** Opening RECORDS FOR THIS EXERCISE block **

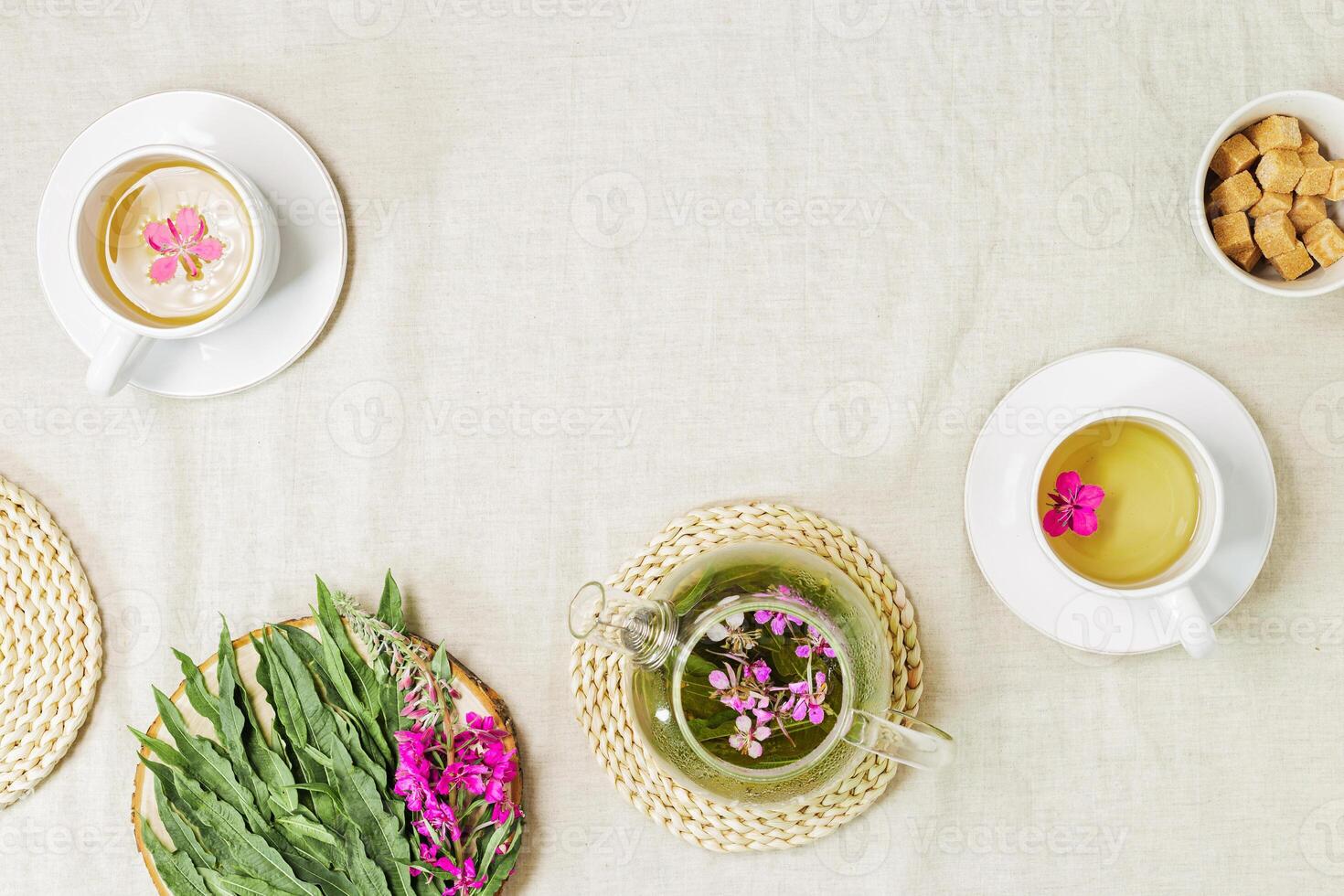 Herbal tea from kipreya leaves in white cups on linen fabric table background, fireweed green leaves and flowers on wooden tray. Flavored herbal tea from wild plants, healing hot beverage. photo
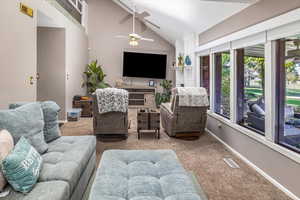 Living room featuring carpet flooring, ceiling fan, and lofted ceiling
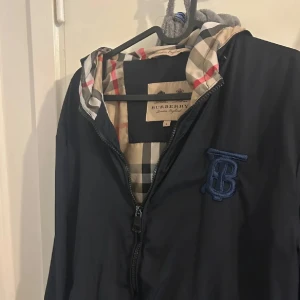 Blå vindjacka från Burberry med klassiskt rutigt foder - Säljer en snygg marinblå vindjacka från Burberry med dragkedja och ikoniskt rutigt foder. Jackan har huva och ett broderat blått Burberry-monogram på bröstet. Perfekt för dig som vill ha en stilren och tidlös jacka.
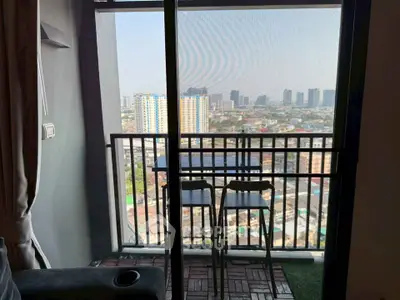 Chic urban balcony with stunning cityscape view, perfect for relaxation and entertainment.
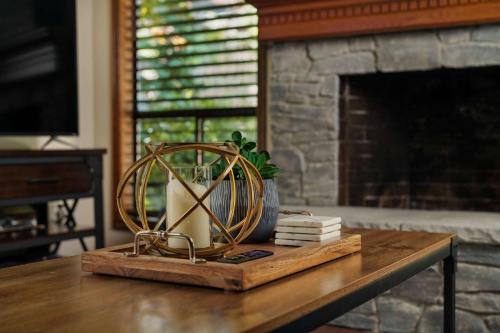 a table with a plant on it with a fireplace at Apollo Heights in West Linn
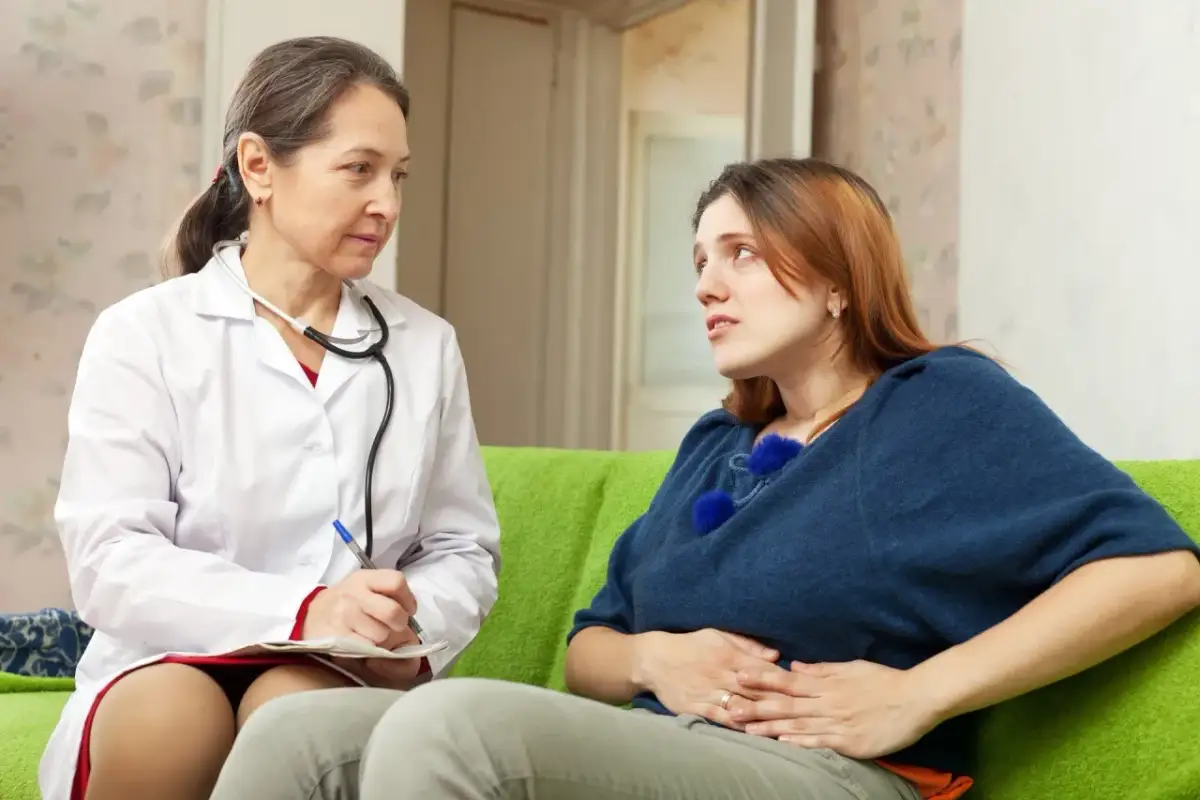 Lekarka w białym kitlu rozmawia z młodą kobietą, która trzyma się za brzuch.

** Closing RECORDS FOR THIS EXERCISE block **

WHAT IS NEEDED
Exactly as they appear, repeat the lines from the one containing "a table with" through the last line of the entries, counting both ends. Pictures stay out.

REPLY TO THE TASK
 a table with a plant on it with a fireplace at Apollo Heights in West Linn
 Lekarka w białym kitlu rozmawia z młodą kobietą, która trzyma się za brzuch.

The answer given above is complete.